Maximum sampling weight \(N_h / n_h\). Use NA for unconstrained strata.

take_all

Logical (or 0/1). If TRUE, the entire stratum is included (census stratum).

Domain columns: any column not listed above is treated as a domain identifier. Domains define sub-populations that each contain one or more strata. When cv is the target, precision is enforced within every domain (see Details). For example, a province column would make each province a separate domain whose strata are the rows that share the same province value.

For svyplan_prec objects: a precision result from prec_alloc().

...

Additional arguments passed to methods.

n

Total sample size. Specify exactly one of n, cv, or budget.

cv

Target coefficient of variation (requires mean_h or p_h in frame). When domain columns are present, this target is enforced in each domain.
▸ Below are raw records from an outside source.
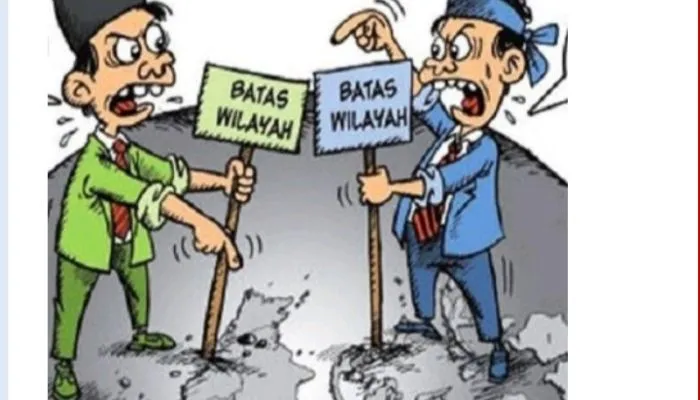 Mengungkap Keterlibatan Oknum Sengketa Lahan 1.200 Ha Batahan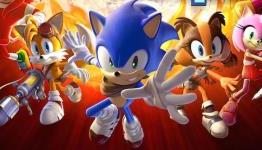 Why Did the Universe Let Sonic and Angry Birds Crossover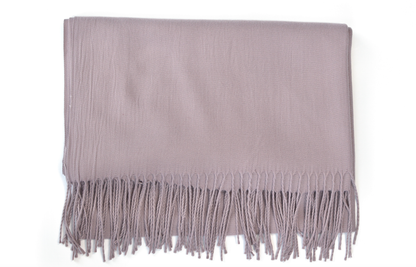 Single Panel Scarf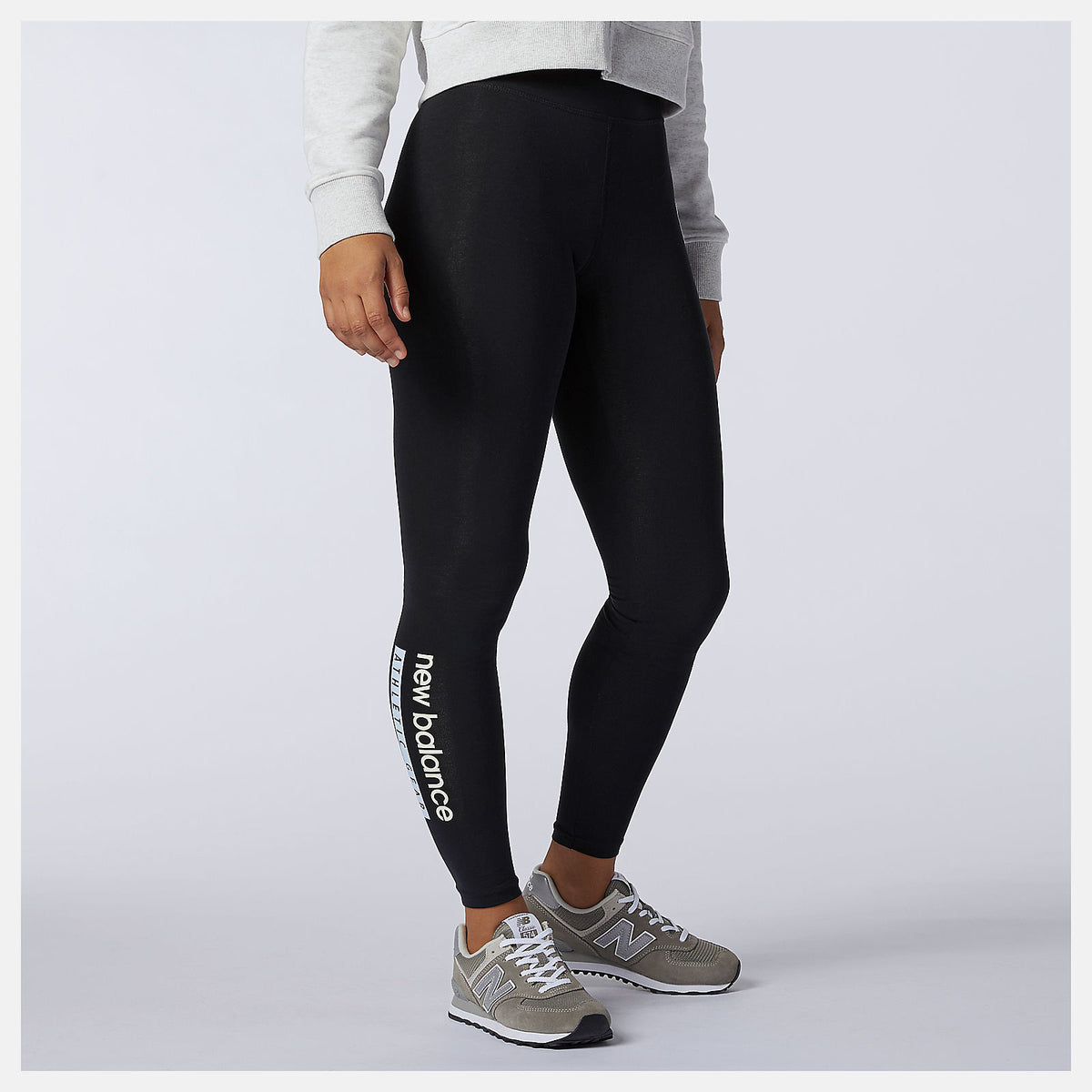 NB Essentials Field Day Legging | New Balance Clothing - Women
Specify exactly one of n, cv, or budget.

budget

Total field budget. Specify exactly one of n, cv, or budget.

alloc

Allocation rule: "neyman" (default), "optimal", "proportional", or "power".

unit_cost

Optional scalar or length-nrow(frame) vector of per-stratum unit costs, overriding frame$cost_h.

alpha

Significance level, default 0.05.

deff

Design effect multiplier (> 0).

resp_rate

Expected response rate, in (0, 1]. Default 1.

min_n

Optional minimum sample size per stratum.

power_q

Bankier power parameter from 0 to 1, used when alloc = "power".

plan

Optional svyplan() object providing design defaults.

Value

A svyplan_n object with type = "alloc" and a stratum-level allocation table in $detail.

Details

Frame structure

Each row of frame represents one stratum of a single stratification variable. When a design stratifies by several variables (e.g. region \(\times\) urbanicity), cross them into one variable first:

frame$stratum <- interaction(frame$region, frame$urban, drop = TRUE)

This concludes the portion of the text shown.